You can't have it both ways, bubba.

Nice straw man, Shooter. First of all, this wasn't a "liberal" investigation. It was put on by the moose shooting party in Alaska when they thought no one outside of a few curious Seattlites outside their little empire would even notice it was happening.

Second, it's not "obscure." A respected law enforcement officer was summarily fired and a lot of people were curious as to why. Those of us who knew Palin was one of the darkhorse candidates for Veep when this broke immediately thought, after the emails were revealed, "well, cross that one off the list." When McCain picked her without doing even a cursory vetting process, it became nationally relevant because it says something about her judgment, and there's not a whole lot else to rate her judgment on.

Third, saying that no liberal ever said anything negative about any liberal scandal is one of those little bullshit talking points you folks indulge yourself in. It's similar to Palin complaining that no one is talking about Ayers or Reverend Wright or whatever b.s. they've cooked up against Obama this week. "No one" seems to be the equivalent of "everyone but I don't like the conclusion they draw." Check out the politics of the people who brought down Kwame Kilpatrick. I don't think they tend to listen to the same radio stations you do.

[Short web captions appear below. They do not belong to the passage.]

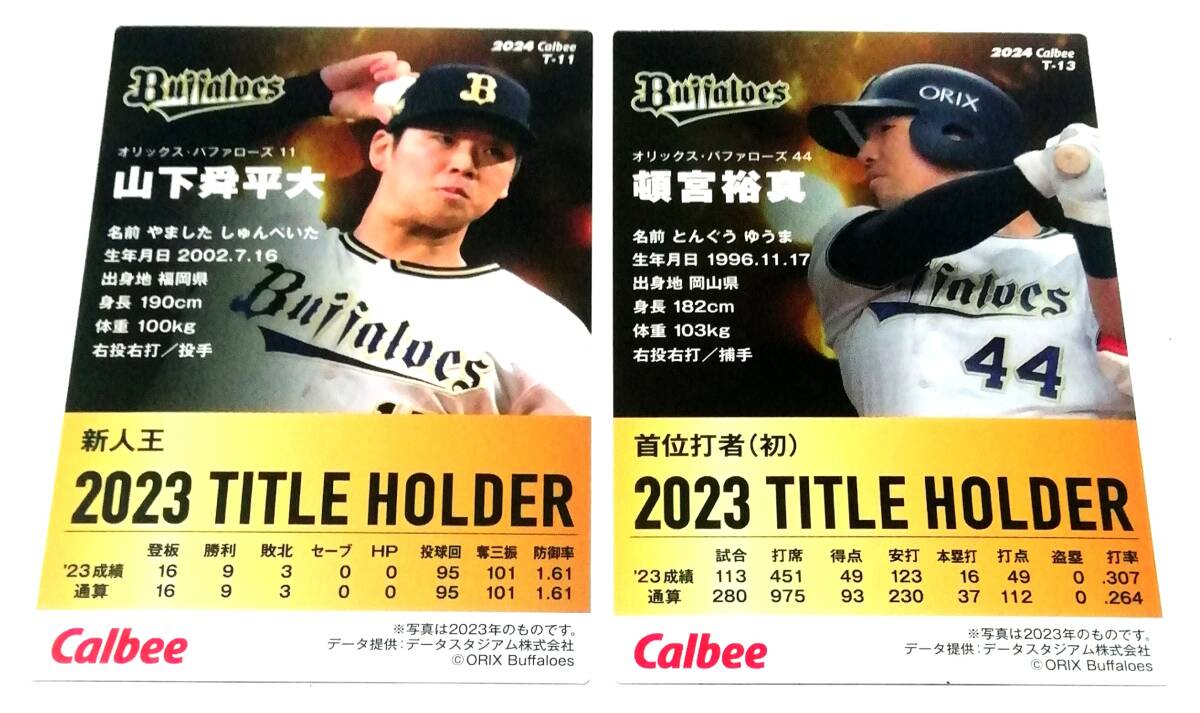 2024 第1弾 タイトルホルダー オリックスバッファローズ 全2種セット 山下 頓宮 ★ カルビープロ野球チップス コンプの画像2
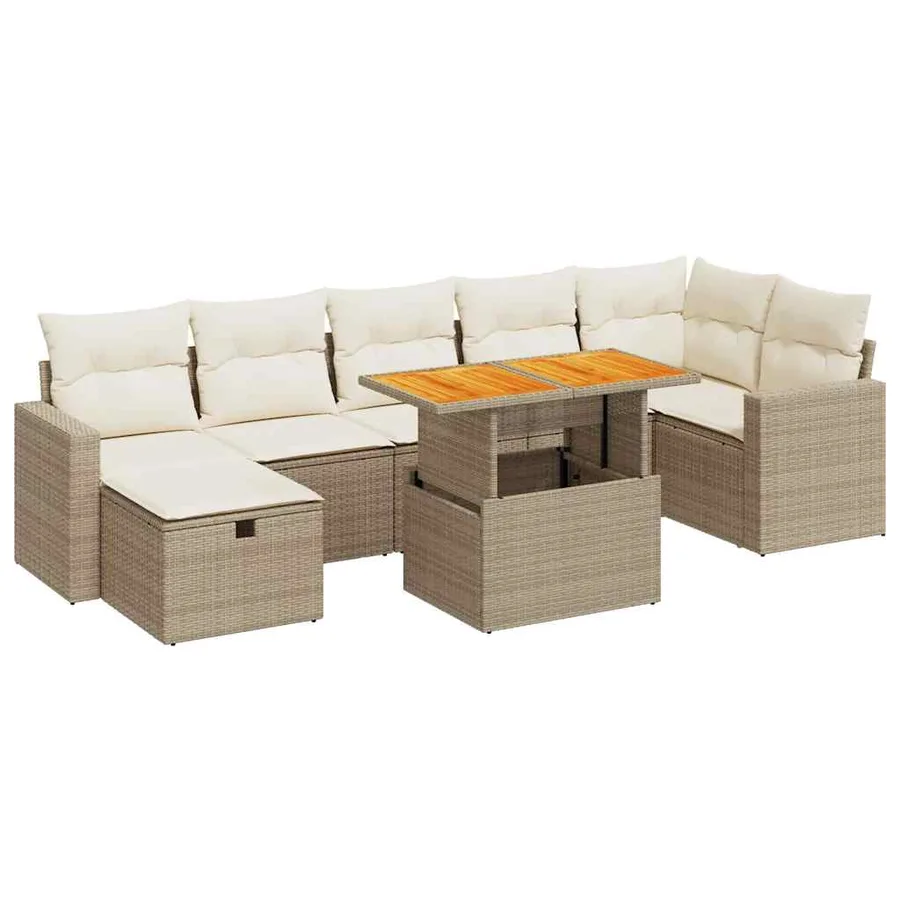 Salon de jardin avec coussins 5 pcs beige résine tressée acacia - 2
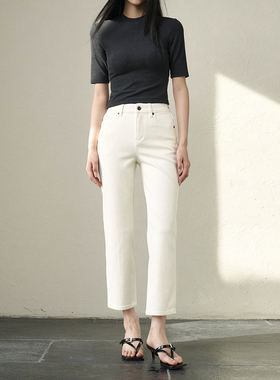 GUS四面弹九分牛仔裤法棍裤直筒裤 米白高腰弹力舒适显瘦显高加绒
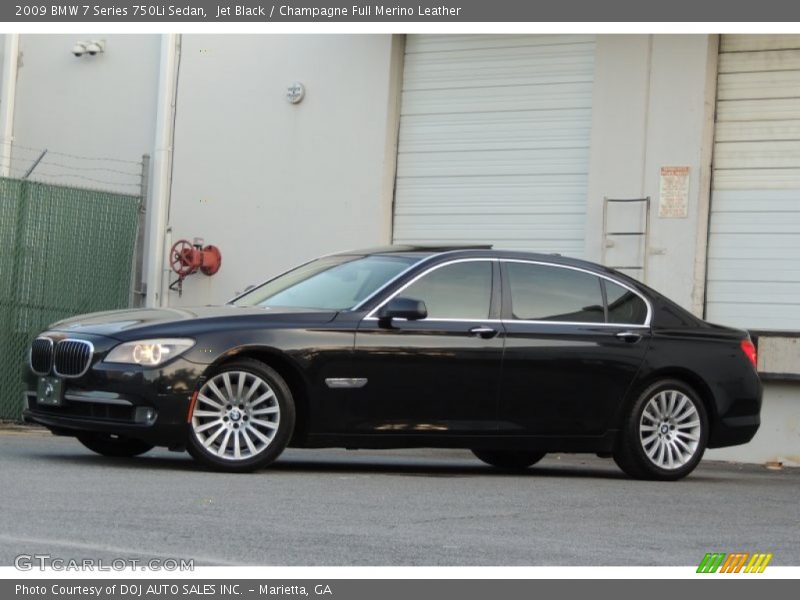 Jet Black / Champagne Full Merino Leather 2009 BMW 7 Series 750Li Sedan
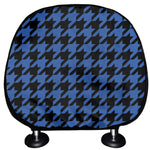 Blue And Black Houndstooth Print Car Headrest Covers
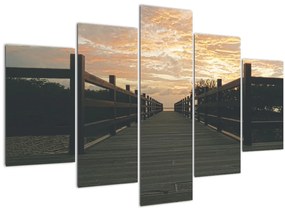 Obraz dreveného móla nad jazerom (150x105 cm)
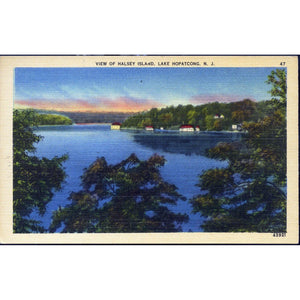 Ruben Quality Views' linen postcard 'View of Halsey Island, Lake Hopacong, N. J.'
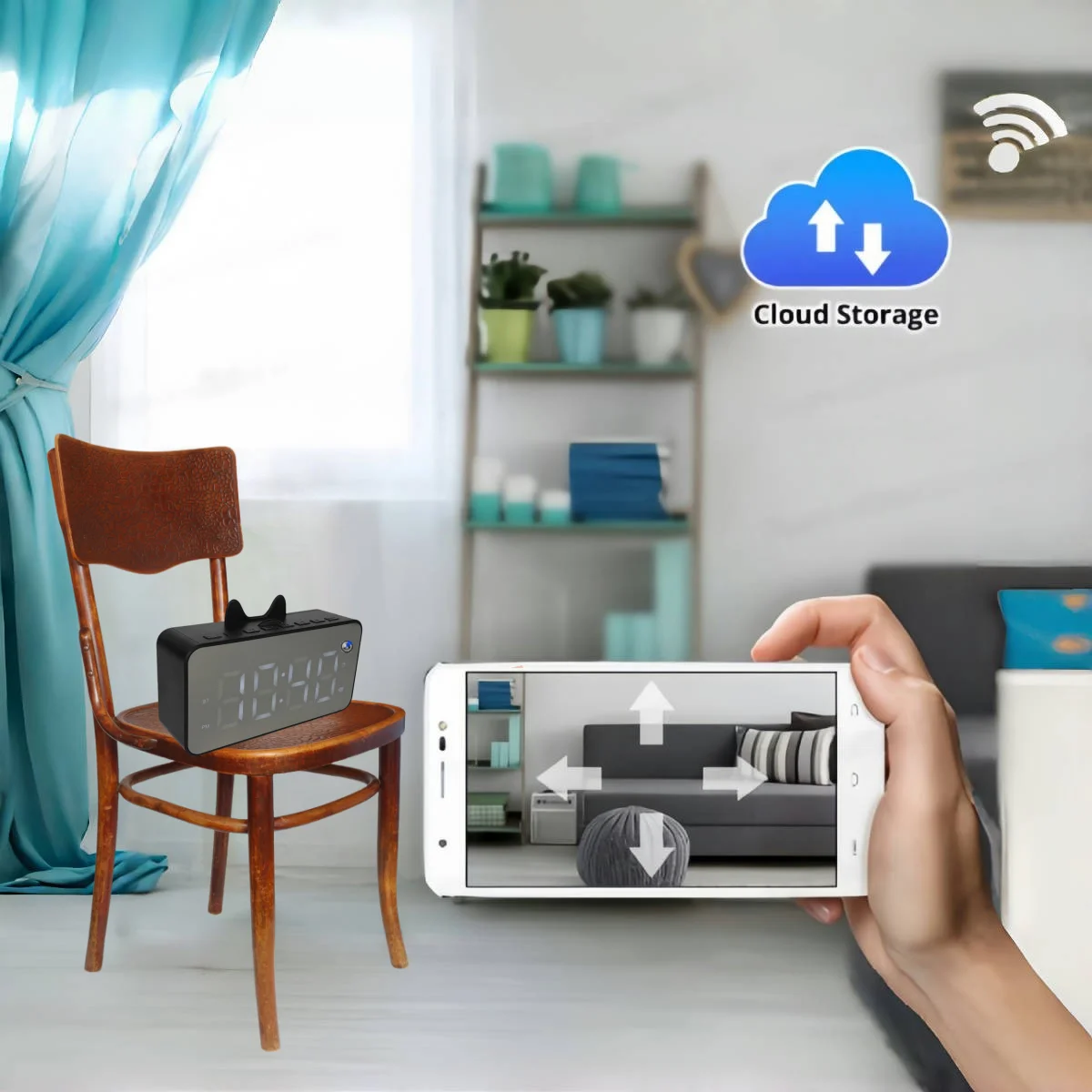 4K WiFi Alarm Clock Camera with Motion Detection, Bluetooth Speaker, Remote Viewing, Recording, App, Nanny Cam for Home Security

Finally, you raised an interesting point earlier about why was this such a big deal, because all she wanted to do was protect her sister against this guy. Well, then why lie about it? Why say that Wooten didn't have anything to do with her firing of Monegan if the reason was so palatable? Why come up so many different cover stories for why she fired him? Heck, if she'd said, "the guy made me autograph a photograph of a man I absolutely fear and hate and I didn't want to see him in cabinet meetings anymore," that would probably have ended the damn thing. It's the coverup, not the act itself, that gets people into trouble.

Monday, October 13, 2008 02:58 AM

re: burning Obama signs

She probably should file a police report and writing a letter to the local dailies.... and she should alert the Obama Wisconsin campaign with a copy of the report and photos of the damage.--Holly

Well that would make some vandal pretty happy. That said, I'm concerned about the trespass, but not so much about the sign burning. It's perfectly legal to burn American flags, so I'm sure the same goes for campaign signs.